Matching Patterns

  • Use globs and regular expressions to match patterns in text.
  • Use inheritance to make matchers composable and extensible.
  • Simplify code by having objects delegate work to other objects.
  • Use the Null Object pattern to eliminate special cases in code.
  • Use standard refactorings to move code from one working state to another.
  • Build and check the parts of your code you are least sure of first to find out if your design will work.
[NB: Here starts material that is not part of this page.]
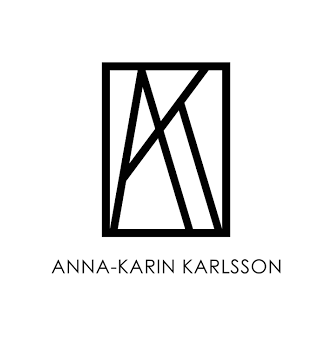 Anna Karin Karlsson logo — Swedish haute couture eyewear with gold and Swarovski details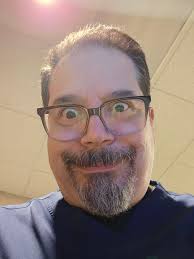 Hi all! I just wanted to introduce myself and share a photo I took. This my  kitten, Ebony Snow!! She's still a baby. She was born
Terms defined: Chain of Responsibility pattern, child class, Extract Parent Class refactoring, globbing, greedy matching, helper method, inheritance, lazy matching, literal (in parsing), Null Object pattern, refactor, regular expression, signature, test-driven development, technical debt

We used *.txt to tell the duplicate file finder of Chapter 3 which files to compare. Older programmers (like this author) refer to this kind of pattern-matching as globbing because early versions of Unix had a tool called glob to do it. Globbing was so useful that it was quickly added to the shell, and the Python standard library includes a module called glob to match filenames in the same way. For example, 2023-*.{pdf,txt} matches 2023-01.txt and 2023-final.pdf but not draft-2023.docx (Figure 4.1).

Matching examples
Figure 4.1: Examples of glob matching.

Globbing patterns are simpler than the regular expressions used to scrape data from text files, but the principles are the same. This chapter therefore implements a simple version of globbing to show how pattern-matching works in general. This matcher will only handle the cases in Table 4.1, but as the exercises will show, our design makes it easy to add new kinds of patterns.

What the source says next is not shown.